The qfixq script is something I wrote out of frustration because there was no way to effectively repair a qmail queue when it becomes corrupted. I grew tired of having to delete the queue and do "make setup" in the qmail source to re-create it- too many users were losing messages, including myself.
I started looking at how the queue itself is built inside. By studying the queue directories and the source code of the programs which manipulate the queue, I eventually reached the point where I understood its structure well enough to try and write a tool to repair a queue which had sustained damage, saving whatever could be saved and deleting the rest.

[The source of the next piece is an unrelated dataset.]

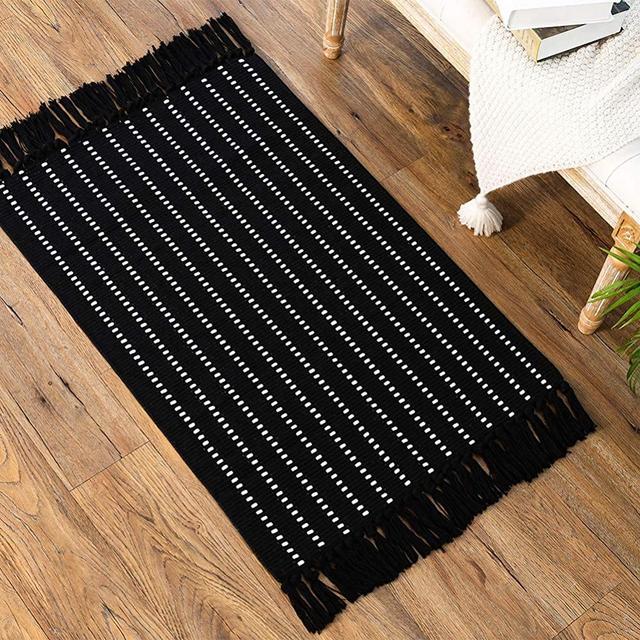 Black Small Boho Rug, Boho Bathroom Rug, Patterned Bath Mat, Woven Black Striped Rug for Bedroom Living Room, Sink Kitchen Boho Rug with Tassel 2'x3'
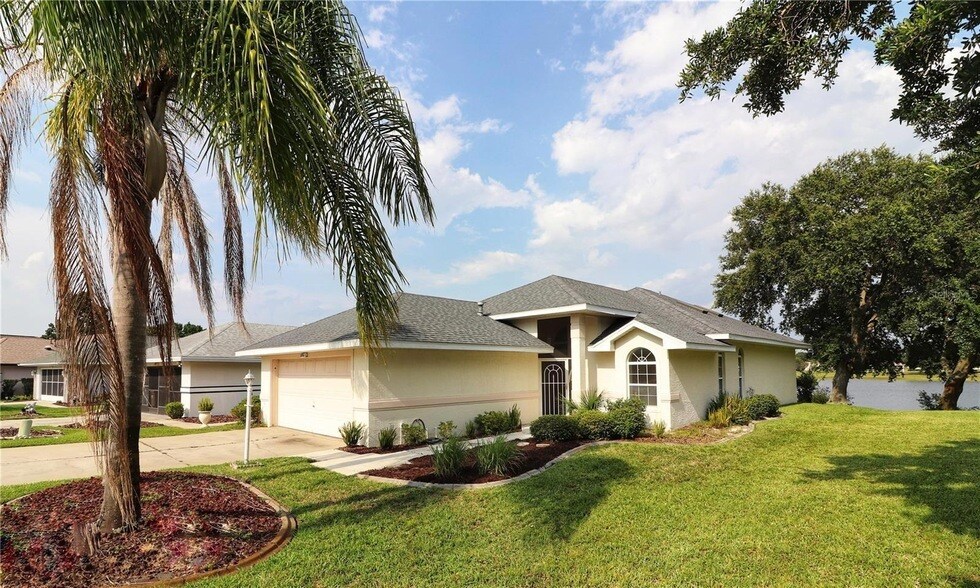 21716 King John St in Leesburg, FL - Building Photo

The most common cause of queue corruption is when the filesystem (or "disk paritition") containing the /var/qmail/queue directory becomes full. I have seen two things cause this:
Many systems have /var as a separate filesystem, and it fills up over time. The most common cause of this is when /var/log becomes full of old log files. I've also seen /var/spool and /var/cache fill up on some systems for various reasons.
A "mail bomb" attack, where somebody or something sends thousands or millions of messages into your server, quickly enough that the server doesn't have time to process the queue or do any deliveries.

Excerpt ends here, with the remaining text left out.